§ BRIEF: Keep only the lines from the start of the data through the line containing "Zweigeteilte Darstellung einer", and output them exactly.

§ GIVEN ENTRIES:
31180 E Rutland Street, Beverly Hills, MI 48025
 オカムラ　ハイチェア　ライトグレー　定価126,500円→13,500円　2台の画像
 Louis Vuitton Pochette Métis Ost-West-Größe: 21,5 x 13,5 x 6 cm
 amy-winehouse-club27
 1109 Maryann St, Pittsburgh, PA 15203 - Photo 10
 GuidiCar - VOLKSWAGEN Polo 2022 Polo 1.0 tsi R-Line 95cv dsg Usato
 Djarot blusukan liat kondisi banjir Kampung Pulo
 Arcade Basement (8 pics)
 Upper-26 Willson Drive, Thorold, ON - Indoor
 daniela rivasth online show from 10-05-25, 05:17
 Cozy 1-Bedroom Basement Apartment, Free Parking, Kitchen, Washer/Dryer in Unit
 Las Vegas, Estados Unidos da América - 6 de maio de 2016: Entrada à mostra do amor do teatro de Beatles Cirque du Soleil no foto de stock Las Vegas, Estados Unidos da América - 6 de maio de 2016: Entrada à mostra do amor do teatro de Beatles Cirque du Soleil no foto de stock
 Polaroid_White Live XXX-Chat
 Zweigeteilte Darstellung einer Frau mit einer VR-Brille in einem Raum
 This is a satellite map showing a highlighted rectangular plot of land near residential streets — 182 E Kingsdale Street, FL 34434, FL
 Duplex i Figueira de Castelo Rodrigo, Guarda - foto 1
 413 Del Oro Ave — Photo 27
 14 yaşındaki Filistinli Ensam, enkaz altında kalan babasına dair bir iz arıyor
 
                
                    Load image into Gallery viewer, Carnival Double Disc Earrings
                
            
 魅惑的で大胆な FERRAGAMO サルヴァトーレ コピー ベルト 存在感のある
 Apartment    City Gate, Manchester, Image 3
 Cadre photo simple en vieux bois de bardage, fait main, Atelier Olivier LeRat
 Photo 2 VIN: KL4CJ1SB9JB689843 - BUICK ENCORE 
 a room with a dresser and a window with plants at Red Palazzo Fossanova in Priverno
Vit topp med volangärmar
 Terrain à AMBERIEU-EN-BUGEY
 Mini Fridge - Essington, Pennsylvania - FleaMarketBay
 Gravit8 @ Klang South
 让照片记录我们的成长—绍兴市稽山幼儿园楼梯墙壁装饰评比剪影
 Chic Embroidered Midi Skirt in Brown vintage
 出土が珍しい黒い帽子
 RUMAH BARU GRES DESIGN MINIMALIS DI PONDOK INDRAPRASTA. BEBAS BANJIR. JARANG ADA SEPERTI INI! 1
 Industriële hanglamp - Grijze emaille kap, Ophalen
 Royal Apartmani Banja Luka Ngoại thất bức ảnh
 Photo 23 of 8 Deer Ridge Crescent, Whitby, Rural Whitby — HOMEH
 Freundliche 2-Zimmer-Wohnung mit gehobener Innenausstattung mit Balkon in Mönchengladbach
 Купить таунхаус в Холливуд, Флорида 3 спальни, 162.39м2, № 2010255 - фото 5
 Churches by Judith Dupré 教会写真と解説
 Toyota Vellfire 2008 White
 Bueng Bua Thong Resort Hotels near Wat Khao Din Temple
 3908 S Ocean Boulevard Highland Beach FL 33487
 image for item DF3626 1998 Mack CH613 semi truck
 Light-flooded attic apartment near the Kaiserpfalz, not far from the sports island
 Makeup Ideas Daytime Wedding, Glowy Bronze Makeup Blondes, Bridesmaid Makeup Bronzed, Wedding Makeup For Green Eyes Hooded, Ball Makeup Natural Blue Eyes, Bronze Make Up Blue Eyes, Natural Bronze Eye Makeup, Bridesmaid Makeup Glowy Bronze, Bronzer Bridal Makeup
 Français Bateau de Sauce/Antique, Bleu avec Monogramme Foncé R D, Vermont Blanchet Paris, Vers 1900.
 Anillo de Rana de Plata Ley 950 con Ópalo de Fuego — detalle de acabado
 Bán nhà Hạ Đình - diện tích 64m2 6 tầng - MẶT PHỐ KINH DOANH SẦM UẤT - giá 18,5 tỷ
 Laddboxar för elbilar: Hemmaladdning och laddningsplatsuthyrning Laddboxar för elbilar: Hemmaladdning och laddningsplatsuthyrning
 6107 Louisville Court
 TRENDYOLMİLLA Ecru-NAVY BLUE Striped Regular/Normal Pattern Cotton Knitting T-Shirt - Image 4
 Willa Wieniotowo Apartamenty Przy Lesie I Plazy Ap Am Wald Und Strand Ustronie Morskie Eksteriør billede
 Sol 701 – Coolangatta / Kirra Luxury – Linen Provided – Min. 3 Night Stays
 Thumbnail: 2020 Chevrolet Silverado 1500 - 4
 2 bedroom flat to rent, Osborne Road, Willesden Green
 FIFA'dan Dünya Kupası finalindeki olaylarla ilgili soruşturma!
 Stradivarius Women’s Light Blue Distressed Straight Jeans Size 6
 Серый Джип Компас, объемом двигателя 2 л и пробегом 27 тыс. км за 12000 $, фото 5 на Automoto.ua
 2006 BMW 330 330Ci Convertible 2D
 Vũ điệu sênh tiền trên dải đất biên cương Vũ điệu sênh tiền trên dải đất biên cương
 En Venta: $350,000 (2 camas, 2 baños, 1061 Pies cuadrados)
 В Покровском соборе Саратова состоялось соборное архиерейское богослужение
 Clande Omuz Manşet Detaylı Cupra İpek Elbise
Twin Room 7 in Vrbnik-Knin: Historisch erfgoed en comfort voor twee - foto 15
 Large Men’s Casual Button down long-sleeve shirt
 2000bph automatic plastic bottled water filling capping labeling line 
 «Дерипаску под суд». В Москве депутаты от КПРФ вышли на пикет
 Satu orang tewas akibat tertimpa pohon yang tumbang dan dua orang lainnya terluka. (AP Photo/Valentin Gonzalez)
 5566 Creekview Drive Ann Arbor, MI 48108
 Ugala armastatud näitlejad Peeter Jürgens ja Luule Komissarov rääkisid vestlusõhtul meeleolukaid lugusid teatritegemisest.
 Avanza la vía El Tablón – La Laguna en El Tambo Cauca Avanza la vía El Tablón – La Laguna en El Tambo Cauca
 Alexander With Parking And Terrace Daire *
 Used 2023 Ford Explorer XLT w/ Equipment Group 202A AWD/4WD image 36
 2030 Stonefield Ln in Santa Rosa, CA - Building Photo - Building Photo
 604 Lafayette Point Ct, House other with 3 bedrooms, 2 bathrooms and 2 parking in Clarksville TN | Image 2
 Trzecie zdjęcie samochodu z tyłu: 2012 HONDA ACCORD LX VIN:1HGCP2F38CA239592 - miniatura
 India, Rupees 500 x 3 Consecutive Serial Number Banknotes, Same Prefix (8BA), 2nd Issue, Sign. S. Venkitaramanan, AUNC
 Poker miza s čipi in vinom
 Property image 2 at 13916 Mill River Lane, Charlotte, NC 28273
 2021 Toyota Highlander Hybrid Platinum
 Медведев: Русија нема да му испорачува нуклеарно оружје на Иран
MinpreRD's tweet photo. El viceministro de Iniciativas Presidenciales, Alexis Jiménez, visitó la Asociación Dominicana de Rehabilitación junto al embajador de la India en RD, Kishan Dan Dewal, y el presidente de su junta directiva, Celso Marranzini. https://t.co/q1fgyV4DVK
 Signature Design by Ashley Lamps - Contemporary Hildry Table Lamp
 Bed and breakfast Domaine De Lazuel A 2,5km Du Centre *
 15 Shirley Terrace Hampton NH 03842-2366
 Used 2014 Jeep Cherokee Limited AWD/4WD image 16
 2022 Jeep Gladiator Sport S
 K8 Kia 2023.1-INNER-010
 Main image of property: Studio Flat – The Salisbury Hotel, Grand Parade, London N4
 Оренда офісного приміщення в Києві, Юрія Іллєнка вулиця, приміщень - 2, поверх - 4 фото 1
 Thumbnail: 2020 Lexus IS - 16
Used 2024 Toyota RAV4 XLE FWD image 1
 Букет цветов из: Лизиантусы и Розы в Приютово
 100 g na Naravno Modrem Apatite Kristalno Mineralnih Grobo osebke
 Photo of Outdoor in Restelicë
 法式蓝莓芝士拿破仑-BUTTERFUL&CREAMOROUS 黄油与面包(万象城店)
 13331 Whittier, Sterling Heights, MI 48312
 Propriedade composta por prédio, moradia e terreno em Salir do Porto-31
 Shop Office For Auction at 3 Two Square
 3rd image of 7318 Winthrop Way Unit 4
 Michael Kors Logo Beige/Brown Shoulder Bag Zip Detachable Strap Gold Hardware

§ SOLVED PROBLEM:
31180 E Rutland Street, Beverly Hills, MI 48025
 オカムラ　ハイチェア　ライトグレー　定価126,500円→13,500円　2台の画像
 Louis Vuitton Pochette Métis Ost-West-Größe: 21,5 x 13,5 x 6 cm
 amy-winehouse-club27
 1109 Maryann St, Pittsburgh, PA 15203 - Photo 10
 GuidiCar - VOLKSWAGEN Polo 2022 Polo 1.0 tsi R-Line 95cv dsg Usato
 Djarot blusukan liat kondisi banjir Kampung Pulo
 Arcade Basement (8 pics)
 Upper-26 Willson Drive, Thorold, ON - Indoor
 daniela rivasth online show from 10-05-25, 05:17
 Cozy 1-Bedroom Basement Apartment, Free Parking, Kitchen, Washer/Dryer in Unit
 Las Vegas, Estados Unidos da América - 6 de maio de 2016: Entrada à mostra do amor do teatro de Beatles Cirque du Soleil no foto de stock Las Vegas, Estados Unidos da América - 6 de maio de 2016: Entrada à mostra do amor do teatro de Beatles Cirque du Soleil no foto de stock
 Polaroid_White Live XXX-Chat
 Zweigeteilte Darstellung einer Frau mit einer VR-Brille in einem Raum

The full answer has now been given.